Well, Mr. T did want a few things. He wanted a copy of Wall-E, his favorite-ist movie ever—which he got from his grandparents. And he wanted a science kit.
“I don’t want any toys,” he told me. “I have too many toys and I don’t even play with them all.”
It’s true. He doesn’t play much with toys, although he plays all day long. It’s interesting: when he plays, he becomes immersed in his imaginary world—toys and things are mere props, of secondary importance. He might whiz a plastic knight around the family room; he might just as likely whiz around a bent paperclip or some Monopoly money. The play isn’t about the thing in his hand; it’s about the world in his mind.
H and Lulu always had vibrant imaginations. Still, if I’m remembering right, it seems like their play was more grounded in what they played with. H was a great builder of Legos, and he played at them for hours. There was always a new set he wanted, come Christmas or birthdays. Lulu had her dolls, her dress-up clothes, her toy kitchen. (Gender-predictable, I know, but that’s what she liked.) And she was always happy to get more.
But as much as you’ve got to love a kid who doesn’t covet more stuff, it did put me in a quandary. Because Mr. T’s seven, and when you’re seven there ought to be something to play with on Christmas morning. And a science kit doesn’t quite make for instantaneous fun.
I thought and I thought. Then I remembered his big bag of clay wads. It’s a mess of mixed-up colors, yet he pulls it out again and again and plays at the kitchen table. He has few discarded Pokemon figures from H and they go into the clay and under the clay and propel out from the clay, with many sound effects. Mr. T cuts the clay into bits with his little-kid scissors, attaches the bits to the Pokemon guys, and, of course, inadvertently scatters them across the kitchen floor.
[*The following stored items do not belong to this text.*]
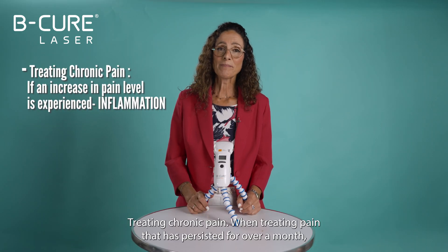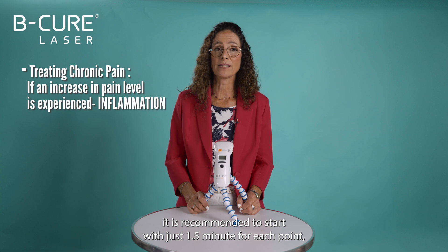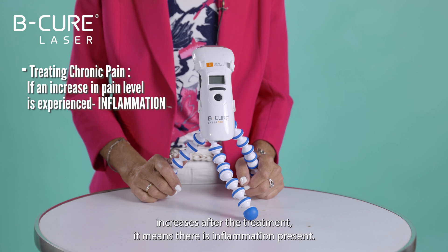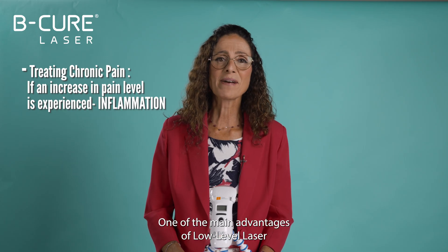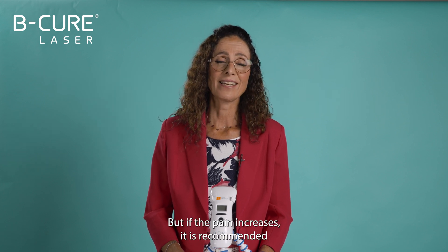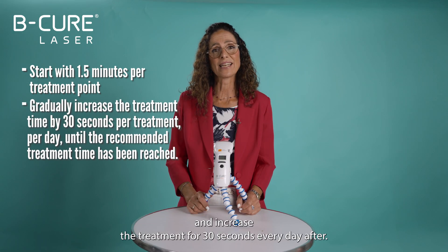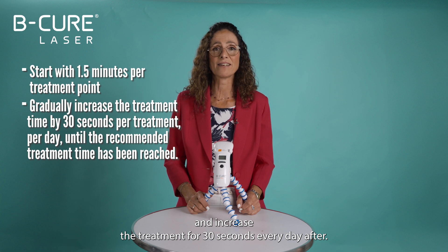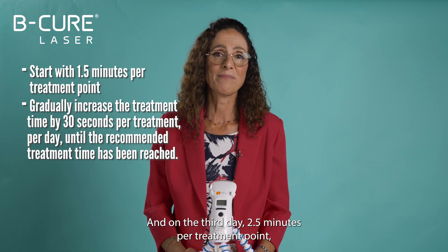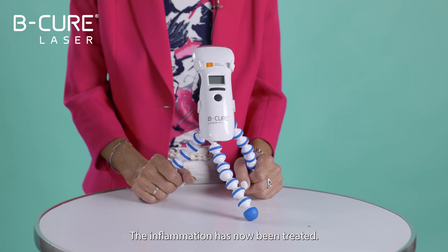Treating chronic pain: when treating pain that has persisted for over a month, it is recommended to start with just one and a half minutes for each point, waiting a few minutes after treatments. If the pain increases after the treatment, it means there is inflammation present. One of the main advantages of low-level laser technology is that it reduces inflammation. But if the pain increases, it is recommended to gradually increase the treatment duration. You'll treat once a day in the beginning and increase the treatment by 30 seconds every day — so on the second day you'll increase to two minutes per treatment point, and on the third day two and a half minutes per treatment point, and so on until the pain stops increasing. The inflammation has now been treated.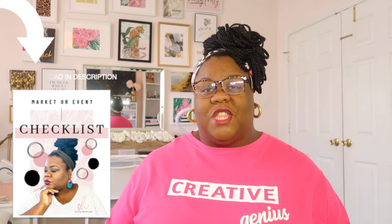Hey guys, welcome back to my channel! If it's your first time here, welcome — I'm so glad you're here. If you're part of the Oh So Pretty squad and you've been watching my videos for a while, thank you for coming back. This video is going to be another fun one — I'm taking you behind the scenes of how I created my very first market setup, giving you a checklist so you'll be ready if you plan on doing a market in the near future.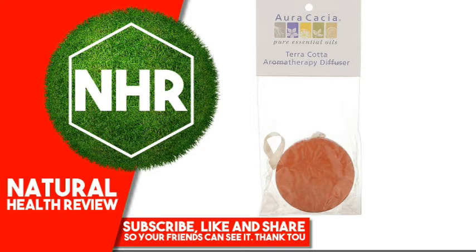Suggested Use: Remove the plastic stopper in the back of the diffuser. Place 5 to 10 drops of oil in the hole. Tilt the diffuser to spread the oil. Replace plastic stopper and hang where desired.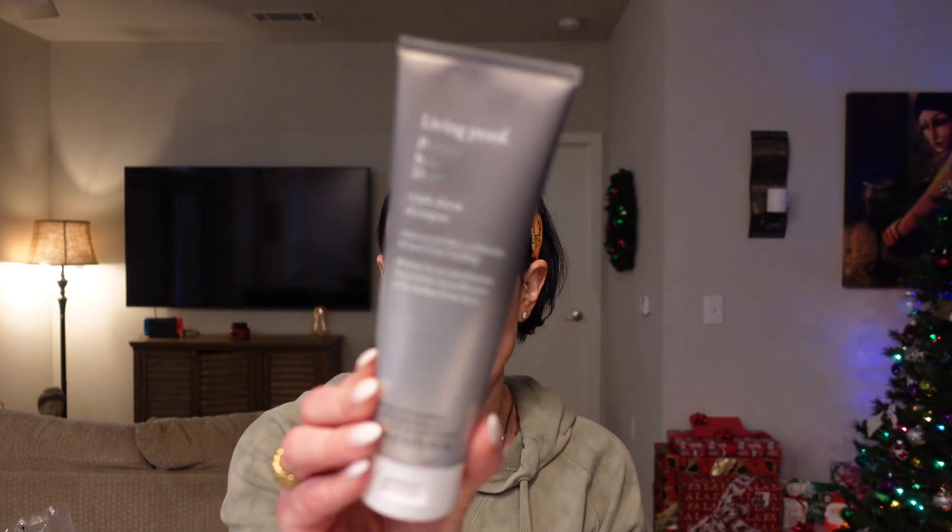This is the Perfect Hair Day Detox Shampoo by Living Proof — you get 5.4 fluid ounces and you just replace your regular shampoo with it. It is color safe, which is great because I always look for products that won't strip my hair color. It's sulfate free and silicone free, and it really helps remove product buildup around your scalp. I saw really good reviews on it so I'm very excited to see if it makes a difference in my hair.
The clay, I thought! It’s hard and it’s old and it’s been forever since I made Mr. T a batch of play dough. And those old Pokemon figures! A few weeks before, Mr. T and I had brought some of those toys he doesn’t play with to the local consignment shop. Before we left, Mr. T had chosen, for a dollar, a bag of four tiny Digimon figures. Now Mr. T knows nothing about Digimon, but the figures were small and wacky-looking and he lost himself in them for the rest of the day.
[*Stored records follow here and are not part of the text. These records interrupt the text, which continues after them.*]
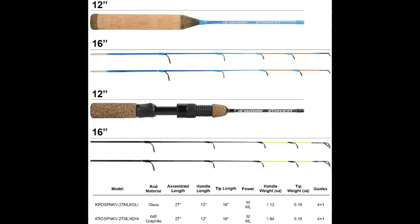This rod is graphite while the other rod I mentioned is glass, so you're going to have a little bit more parabolic bend with that one. Both have an assembled length of 27 inches, handle length of 12 inches, tip length of 16 inches, and both come with medium and medium light power tips. There's a little bit of weight difference, but the same number of guides.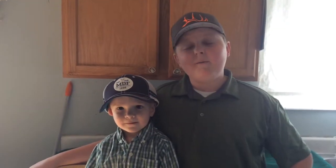Hey guys and welcome back to Curr Outdoors. Today I'm here with my little brother Logan and today we're going to be teaching you guys how to cook a carp. But before we get started let's play the clip of right after when my brother caught this carp.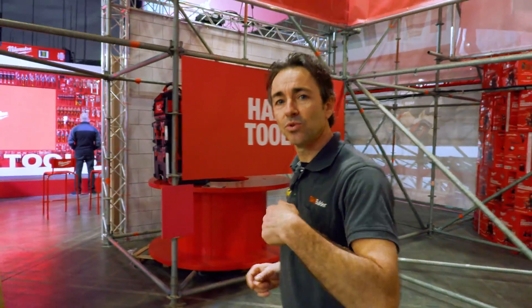Now it's time to check out all the accessories that Milwaukee are doing — we're talking drill bits, blades, and all the rest of it. But in the meantime, let's check out hand tools too.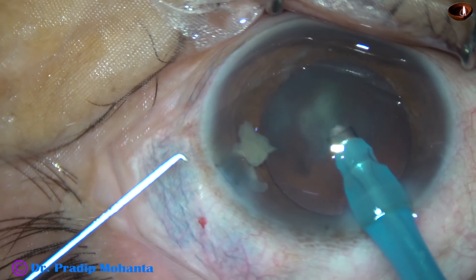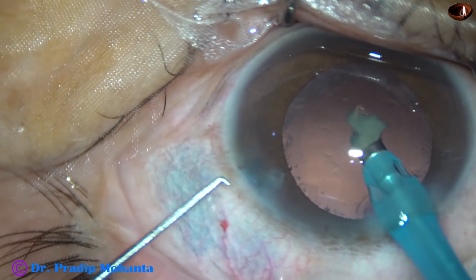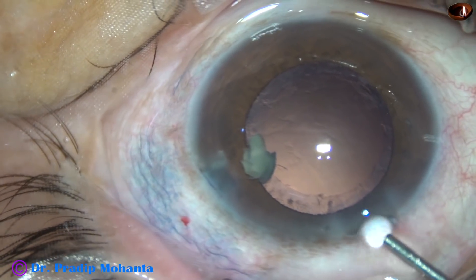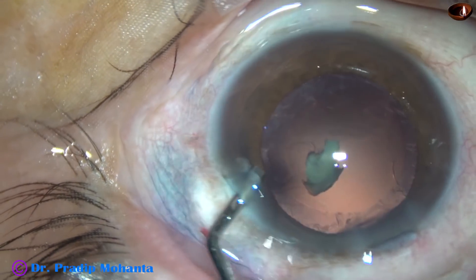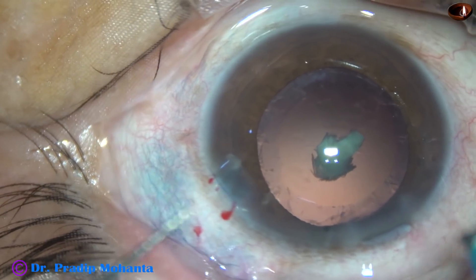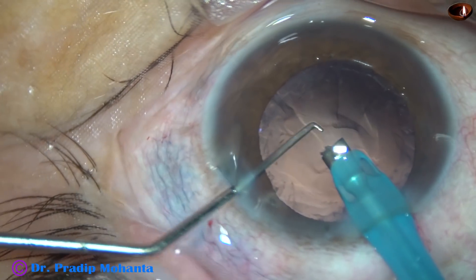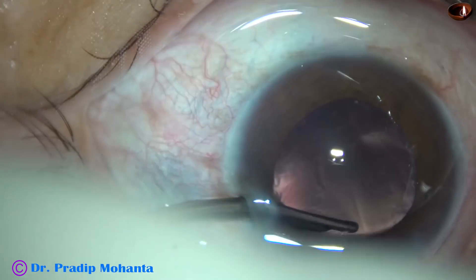This time, I have removed the chopper to get a more stable anterior chamber. One additional precaution I took at this time is I didn't try to remove this piece of nucleus immediately. I have asked for visco — this is HPMC. I apply this to push the posterior capsule towards vitreous. And now, I go again with the phaco handpiece, and very safely, I could remove the nuclear piece. The rest of the video is going to be edited.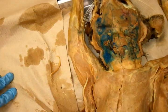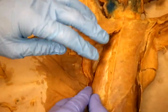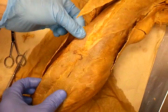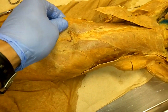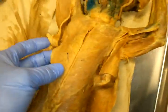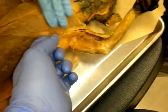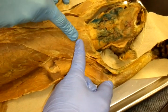This is the rectus abdominis — it goes all the way up here to the fifth rib and the xiphoid process. And this is the pectoralis minor here. Pectoralis minor and pectoralis major.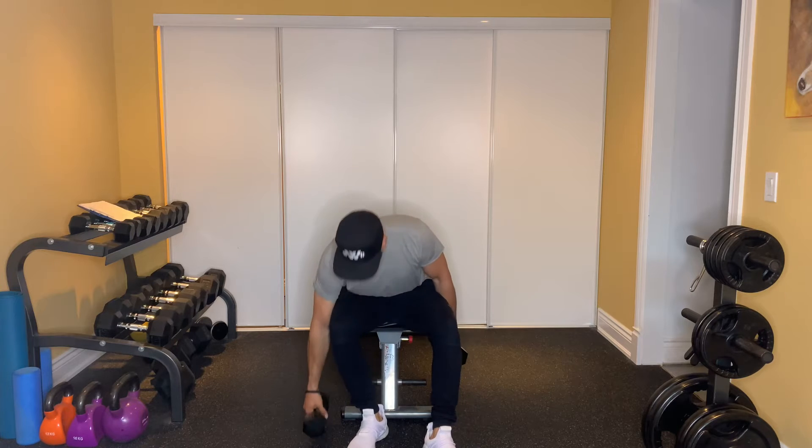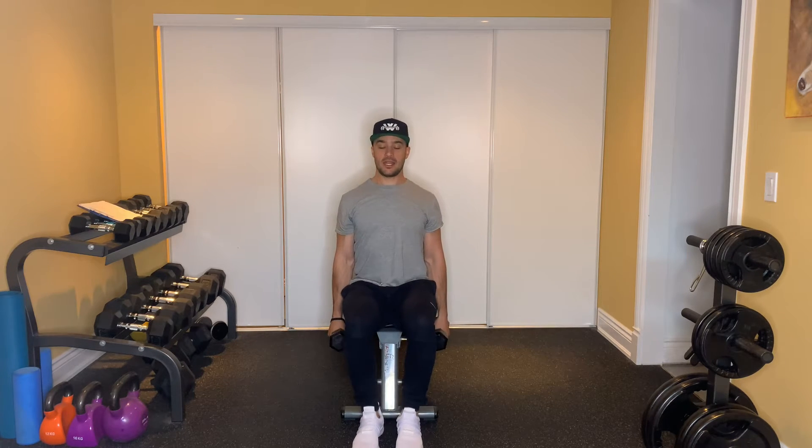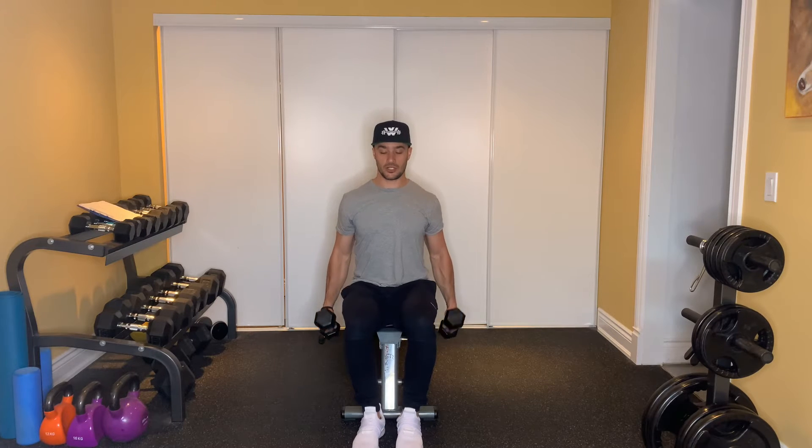Seated 90 degree lateral flies. With this exercise, you're in a seated position at the edge of your bench. You're going to grab a set of dumbbells. Chest up, shoulders back. Keep that neck tucked in nice and strong so you've got a good solid posture.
Suddenly I knew just what Mr. T needed for Christmas.
I rustled up a set of thirty little Digimon figures. I made a big double batch of play dough. At Thanksgiving, my teacher friend Janet had mentioned the wondrous tip of kneading unsweetened Kool-Aid powder into homemade play dough. Not only did that make the dough into Mr. T’s favorite colors of orange and pink, it also made it smell like yummy, totally fake, Kool-Aidy oranges and cherries. I pulled out a giant plastic canister that I’ve been saving for years from who-knows-what-anymore and built a big pink and orange mountain inside. Then I placed the Digimon figures in their new fruity world.
And did Mr. T like it? Why yes he did, if playing with it most every day since Christmas counts for anything. Which means that I now have Digimon figures perpetually scattered across my kitchen table, and bits of orange and pink play dough squished into my floor.
But I also have the satisfaction of knowing that I came up with something for the kid who wanted almost nothing.